• **Work required**
When the line with "Vigna del Borgo Photo Menu 10" comes up, set it down and every later line to the end of the data, exactly and without pictures.

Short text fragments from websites
# # #

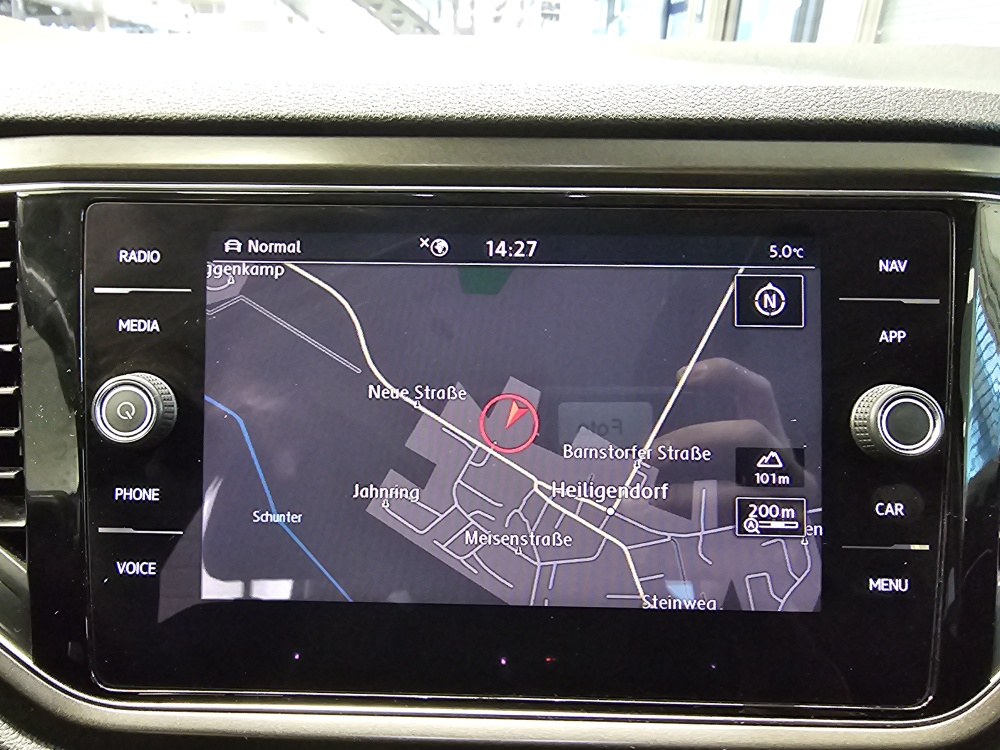 VW T-Roc  bei Hoffmann Automobile in Wolfsburg kaufen und sofort mitnehmen - Bild 16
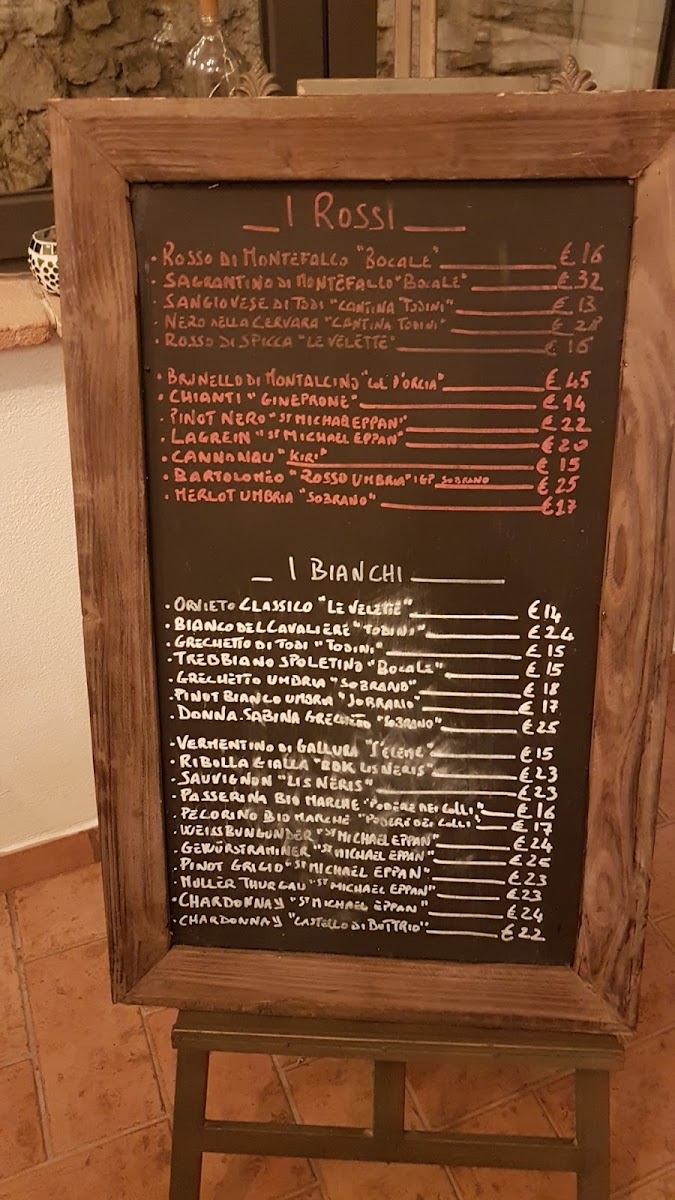 Vigna del Borgo Photo Menu 10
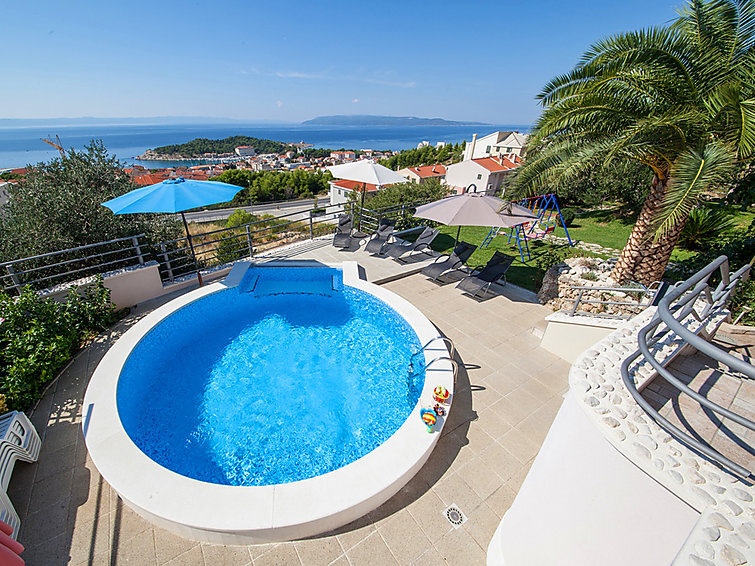 Location Villa à Makarska 6 personnes, Makarska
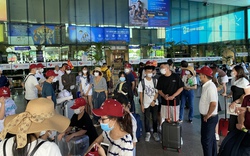 Sân bay Tân Sơn Nhất lên phương án đón 120.000 khách/ngày dịp Lễ Quốc khánh 2/9 
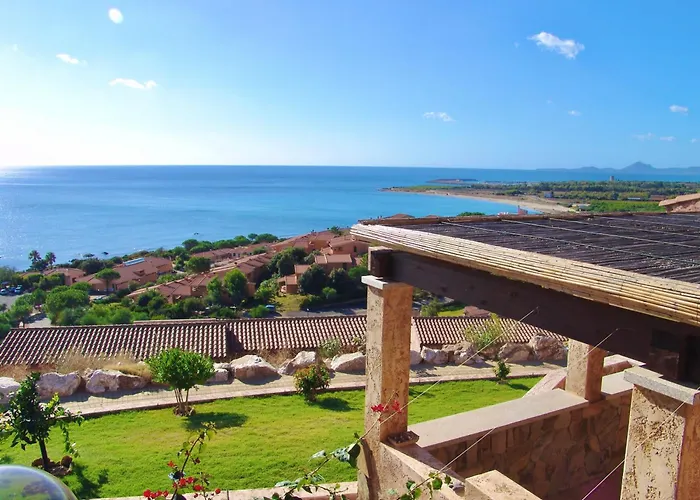 In Porto Corallo Just 400 Meters From The Sea Villa Villaputzu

# # #

• **Result of this exercise**
 Vigna del Borgo Photo Menu 10
 Location Villa à Makarska 6 personnes, Makarska
 Sân bay Tân Sơn Nhất lên phương án đón 120.000 khách/ngày dịp Lễ Quốc khánh 2/9 
 In Porto Corallo Just 400 Meters From The Sea Villa Villaputzu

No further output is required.